After remaining in his room for an hour, Joey went down to the counting-house, where he found Mr Small and Mr Sleek both at work, for their labours had increased since Joey had so much neglected business.

“Well, my good friend, how do you find yourself?” said Mr Small.

“Very far from well, sir. I feel that I cannot attend to business,” replied Joey, “and I am quite ashamed of myself; I was thinking that, if you had no objection to allow me a couple of months’ leave of absence, change of air would be very serviceable to me. I have something to do at Dudstone, which I have put off ever since I came to Portsmouth.”

“I think change of air would be very serviceable to you, my dear fellow,” replied Mr Small; “but what business you can have at Dudstone I cannot imagine.”

“Simply this—I locked up my apartments, leaving my furniture, books, and linen, when I went away, more than four years ago, and have never found time to look after them.”

“Well, they must want dusting by this time, O’Donahue, so look after them if you please; but I think looking after your health is of more consequence, so you have my full consent to take a holiday, and remain away three months, if necessary, till you are perfectly re-established.”

“And you have mine,” added Mr Sleek, “and I will do your work while you are away.”

Our hero thanked his senior partners for their kind compliance with his wishes, and stated his intention of starting the next morning by the early coach, and then left the counting-house to make preparations for his journey.

Joey joined the party, which was numerous, at dinner.

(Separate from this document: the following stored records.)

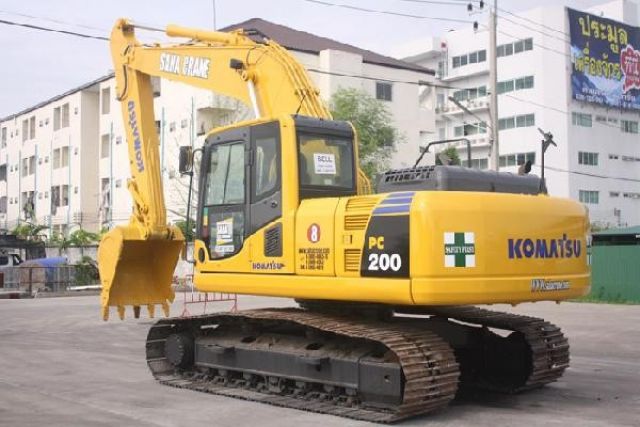 KOMATSU PC200-8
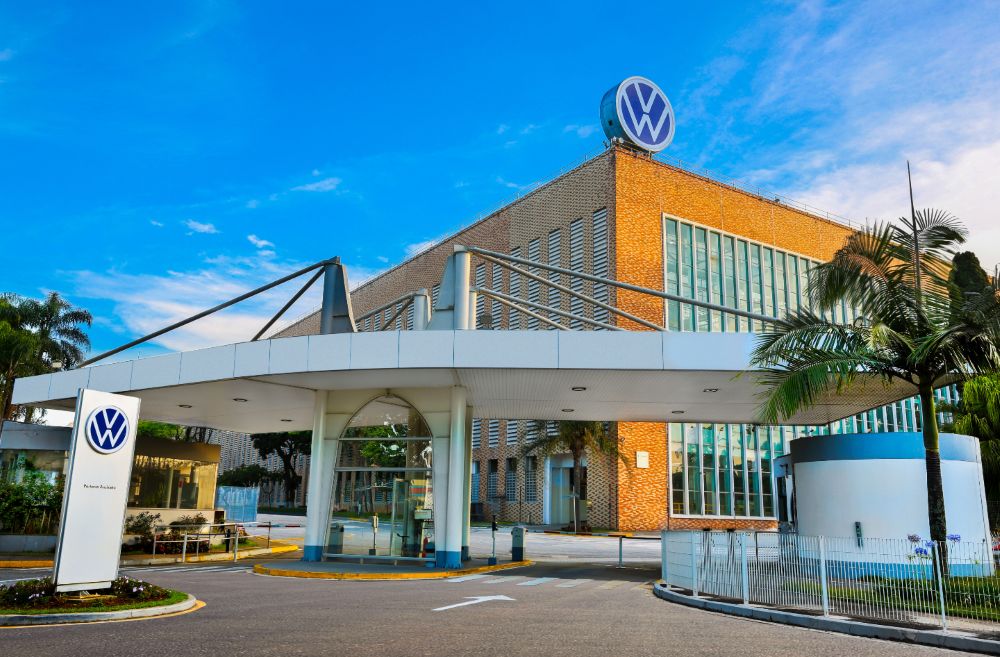 VOLKSWAGEN TUKAN inaugura un capítulo inédito para la marca alemana: una pick-up con identidad regional, desarrollo brasileño y una estrategia que combina historia, diseño y ambición industrial. V12MAGAZINE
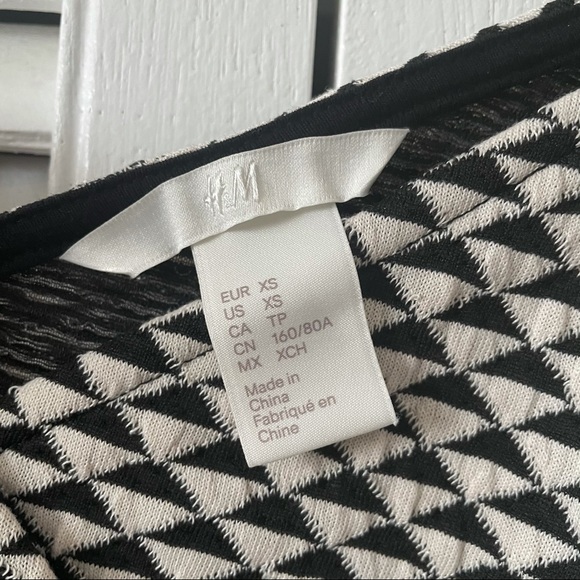 H&M dress - Picture 3 of 4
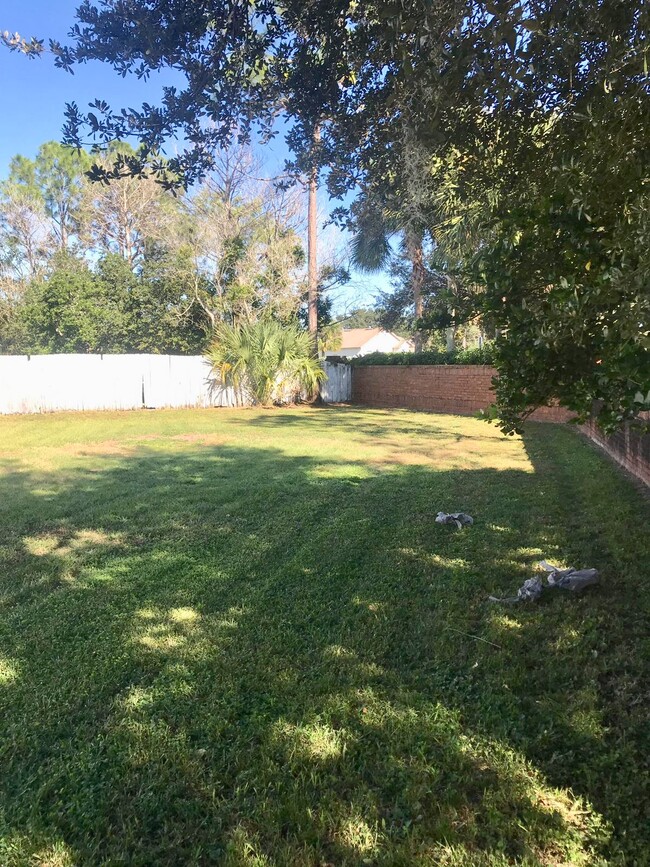 Building Photo - 12107 Bellsworth Way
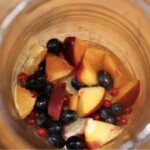 świeże owoce w dużym dzbanku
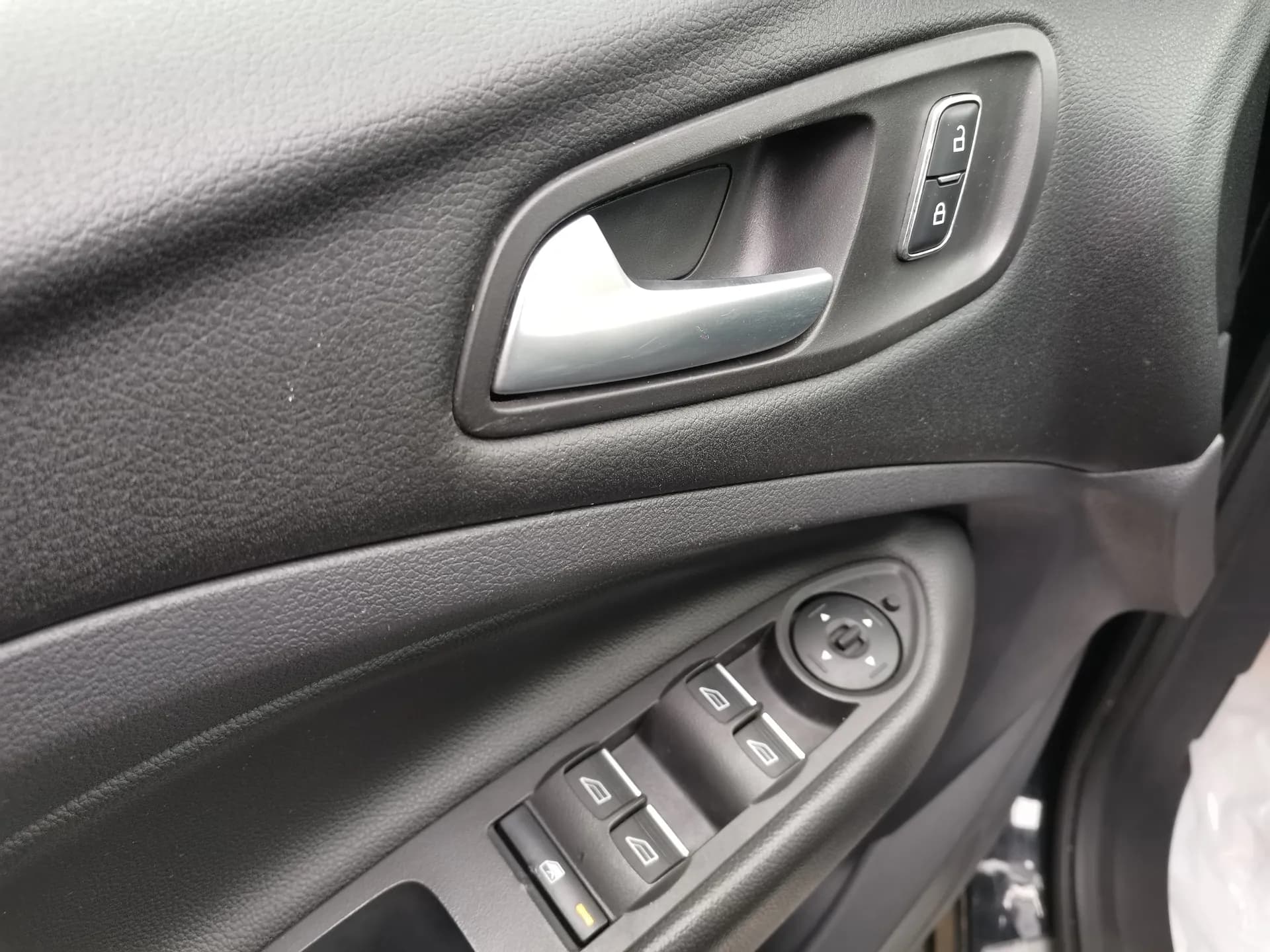 Ford Kuga 2.0 TDCi 4x4 ASS Titanium Powers — fotografía 8 de 30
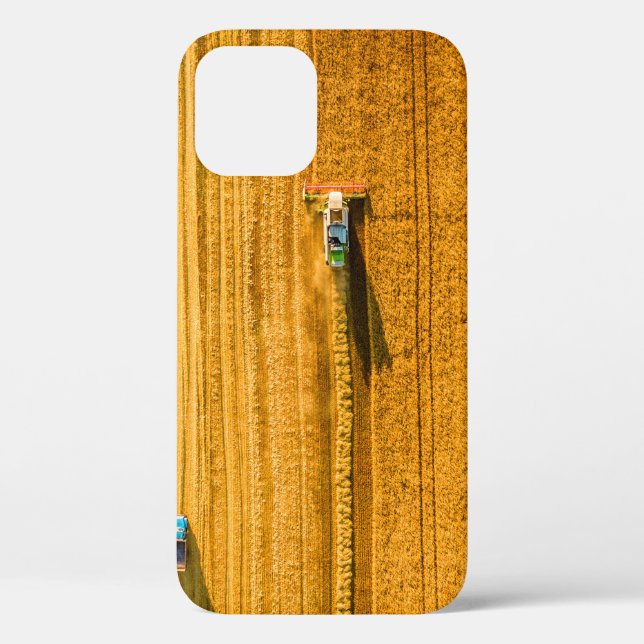 Harvester-Maschine im Feld. Harfen kombinieren Case-Mate iPhone Hülle (Rückseite)
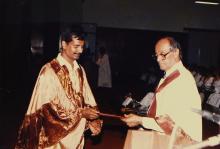 Prof. L. S. Srinath presents a degree to a graduand, 1988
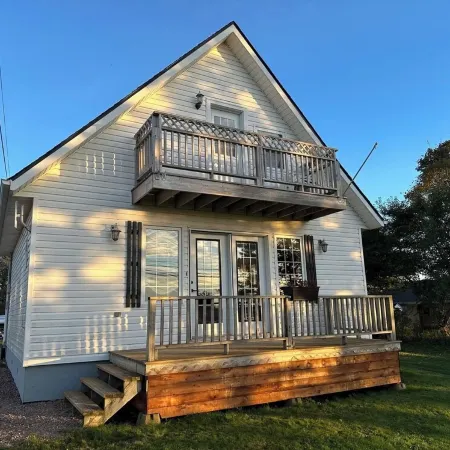 Cozy House/Cottage, minutes to National Park & Golf Course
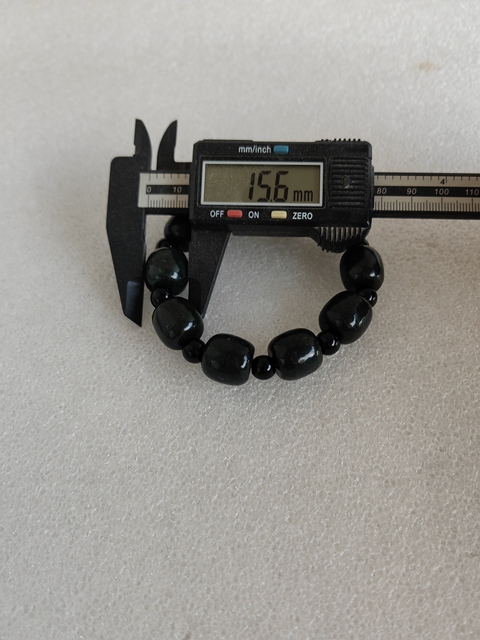 古玩玉器和田青玉手串拍賣，當(dāng)前價(jià)格450元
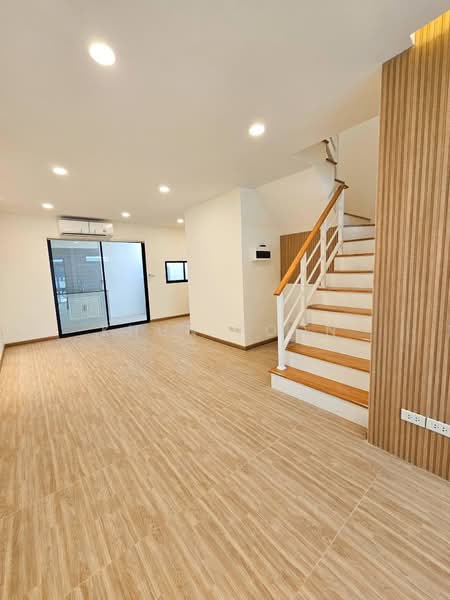 Pruksa Town Nexts Bangna Km.5, Samut Prakan, ฺBuanakarin Road, Bang Kaeo, Bang Plee, Samut Prakan, 3 Bedrooms, 120 sqm, Single Detached House For Sale, by Khun Poon, 500459920 - DDproperty.com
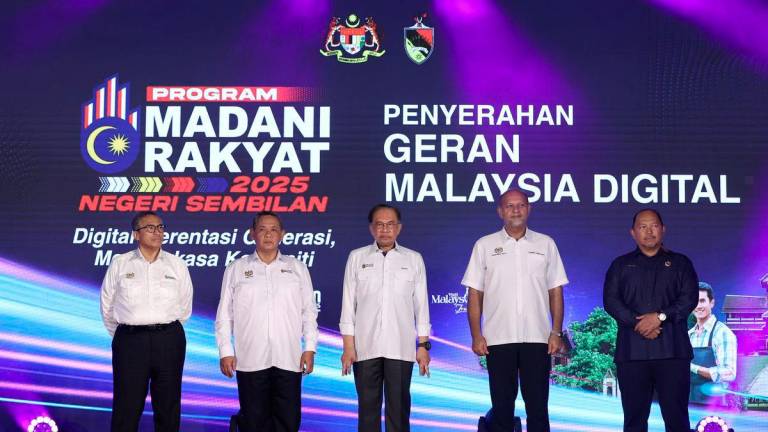 Perdana Menteri Datuk Seri Anwar Ibrahim (tengah) hadir sempena Majlis Perasmian Program MADANI Rakyat 2025 Negeri Sembilan di Dataran Nilai hari ini.Turut hadir Ketua Setiausaha Negara Tan Sri Shamsul Azri Abu Bakar (kiri), Menteri Digital Gobind Singh Deo (dua, kanan) dan Menteri Besar Negeri Sembilan Datuk Seri Aminuddin Harun (dua, kiri). - BERNAMA
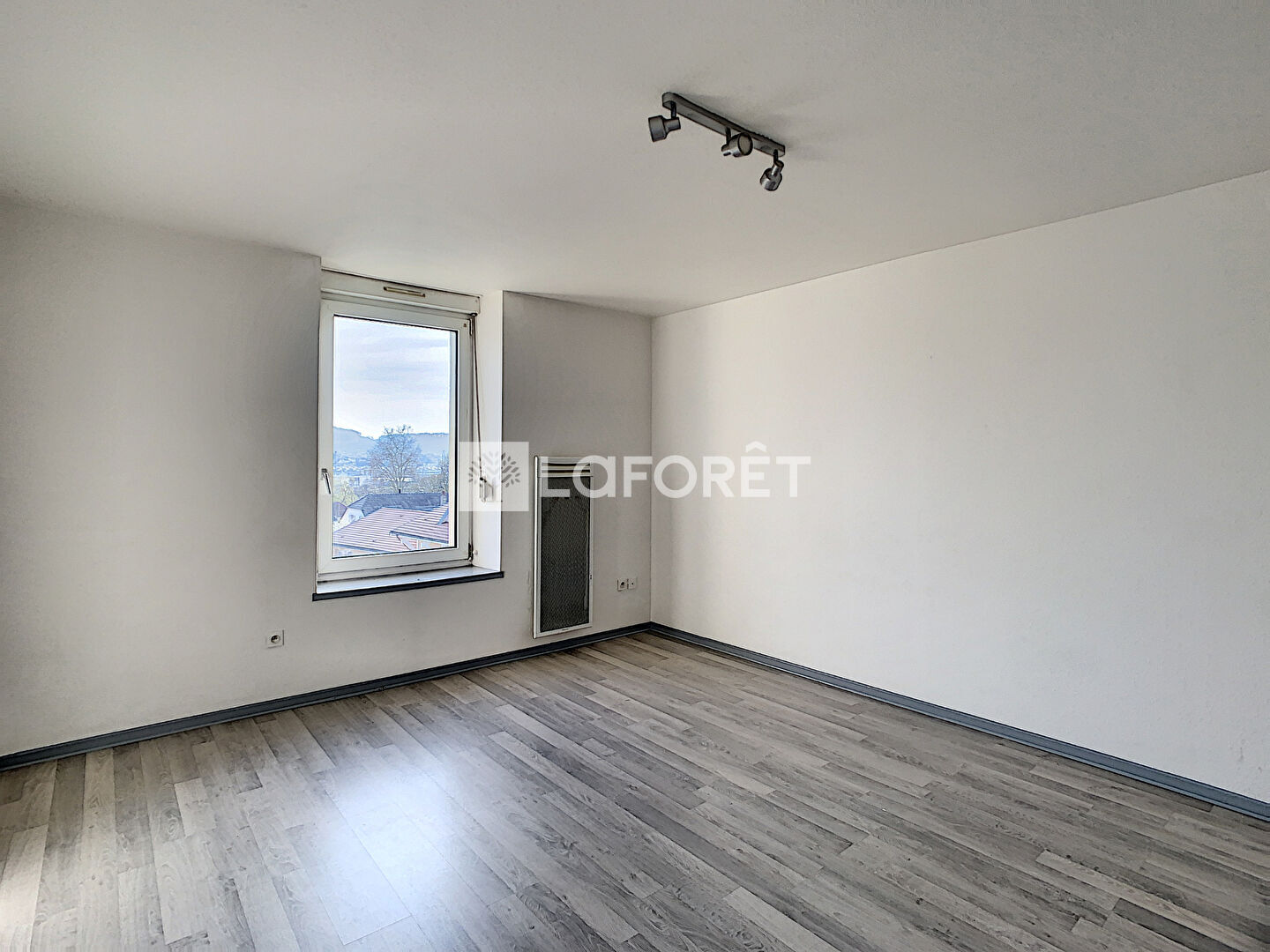 Appartement a louer  - 3 pièce(s) - 54.16 m2 - Surfyn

It was not until they were in the drawing-room after dinner, that Mr Small had an opportunity of communicating to Mrs Phillips what were our hero’s intentions. Mrs Phillips considered it a very advisable measure, as Joey had evidently suffered very much lately: probably over-exertion might have been the cause, and relaxation would effect the cure.

Emma, who was sitting by her mother, turned pale; she had not imagined that our hero would have followed up his expressed intentions of the morning, and she asked Mr Small if he knew when O’Donahue would leave Portsmouth. The reply was, that he had taken his place on the early coach of the next morning: and Emma fell back on the sofa, and did not say anything more.

When the company had all left, Mrs Phillips rose and lighted a chamber candlestick to go to bed, and Emma followed the motions of her mother. Mrs Phillips shook hands with our hero, wishing him a great deal of pleasure, and that he would return quite restored in health. Emma, who found that all chance of an interview with our hero was gone, mustered up courage enough to extend her hand and say,—“I hope your absence will be productive of health and happiness to you, Mr O’Donahue,” and then followed her mother.

Joey, who, was in no humour for conversation, then bade farewell to Mr Small and Mr Sleek, and, before Emma had risen from not a very refreshing night’s rest, he was two stages on his way from Portsmouth.